The study reports that the most heavily affected waters in the world include large areas of the North Sea, the South and East China Seas, the Caribbean Sea, the east coast of North America, the Mediterranean Sea, the Red Sea, the Persian Gulf, the Bering Sea, and several regions in the western Pacific. The least affected areas are largely near the poles.

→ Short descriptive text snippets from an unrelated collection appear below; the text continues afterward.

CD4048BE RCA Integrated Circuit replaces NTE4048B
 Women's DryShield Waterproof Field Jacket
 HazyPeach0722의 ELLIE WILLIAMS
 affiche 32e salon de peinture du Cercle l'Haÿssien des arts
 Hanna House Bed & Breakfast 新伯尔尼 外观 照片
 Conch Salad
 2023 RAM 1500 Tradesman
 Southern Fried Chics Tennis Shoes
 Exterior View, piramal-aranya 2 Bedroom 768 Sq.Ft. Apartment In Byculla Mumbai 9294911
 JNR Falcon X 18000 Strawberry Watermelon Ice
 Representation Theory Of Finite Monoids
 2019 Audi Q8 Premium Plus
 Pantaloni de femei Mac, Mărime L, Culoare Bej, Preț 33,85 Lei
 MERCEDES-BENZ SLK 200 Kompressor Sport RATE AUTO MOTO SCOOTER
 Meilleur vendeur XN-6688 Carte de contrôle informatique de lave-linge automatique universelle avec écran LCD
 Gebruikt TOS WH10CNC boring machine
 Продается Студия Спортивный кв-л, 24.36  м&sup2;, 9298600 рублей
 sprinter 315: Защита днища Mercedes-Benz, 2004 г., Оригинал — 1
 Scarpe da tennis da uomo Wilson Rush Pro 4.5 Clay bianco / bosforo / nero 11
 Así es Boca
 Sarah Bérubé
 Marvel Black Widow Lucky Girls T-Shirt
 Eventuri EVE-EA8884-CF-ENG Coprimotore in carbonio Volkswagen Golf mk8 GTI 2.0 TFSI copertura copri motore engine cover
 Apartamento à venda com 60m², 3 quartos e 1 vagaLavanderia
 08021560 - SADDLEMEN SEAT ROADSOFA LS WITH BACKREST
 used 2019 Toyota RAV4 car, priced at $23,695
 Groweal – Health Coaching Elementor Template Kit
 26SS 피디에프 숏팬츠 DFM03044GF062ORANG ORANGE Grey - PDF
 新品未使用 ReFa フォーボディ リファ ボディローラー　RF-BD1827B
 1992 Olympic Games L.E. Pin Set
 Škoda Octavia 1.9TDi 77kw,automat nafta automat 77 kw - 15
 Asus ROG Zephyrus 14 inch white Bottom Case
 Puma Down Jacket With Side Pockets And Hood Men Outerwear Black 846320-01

Past studies of human impacts on the ocean -- rarely conducted on a global scale -- have focused largely on single activities or single ecosystems in isolation. In this study scientists examined the cumulative influence of human activities across the entire ocean.

"Our results show that when these and other individual impacts are summed up, the big picture looks much worse than I imagine most people expected. It was certainly a surprise to me," said lead author Ben Halpern, Assistant Research Scientist at National Centre for Ecological Analysis and Synthesis (NCEAS) at the University of California at Santa Barbara.

An important new finding is that human influence on the ocean varies dramatically across ecosystems. The most heavily affected areas include coral reefs, seagrass beds, mangroves, rocky reefs and shelves, and seamounts. The least impacted ecosystems are soft-bottom areas and open-ocean surface waters.

The remotest parts of open ocean are still far from pristine.

An estimated 100 million tonnes of trash is floating in the middle of the North Pacific. This vast sea of plastic garbage stretches for thousands of kilometres -- north of Hawaii to Japan -- covering an area twice that of the U.S. Everything from fishing gear to water bottles to plastic bags are found here says Bill Macdonald of the Algalita Marine Research Foundation -- a Long Beach, California-based non-profit environmental organization. Oceanographer Charles Moore, discovered this garbage patch in the 1990s and started the Foundation to do research on the problem of marine debris.

"It's getting worse and worse over the years," Macdonald told IPS.

The Foundation's solar-powered research vessel Alguita is currently in the middle of the plastic flotilla taking samples. Cleanup is impossible, not only because of the huge volume of debris, but also because lots of marine creatures like shellfish and algae latch onto the floating islands of plastic, Macdonald says.

The Alguita has discovered that tendrils of debris extend up to 100 meters below the surface, according to Macdonald.

Not only does plastic kill marine animals that eat it or get tangled in it and drown, but it also damages and degrades their habitat. Plastic pellets are also magnets for toxic chemicals, becoming, in effect, poison pills.

Most plastics do not biodegrade. Unless removed, they will remain in the sea for hundreds of years, breaking up into ever-smaller particles. "In Hawaii on isolated beaches that no one cleans up, two-foot deep sand is actually 80 per cent plastic bits now," says Macdonald.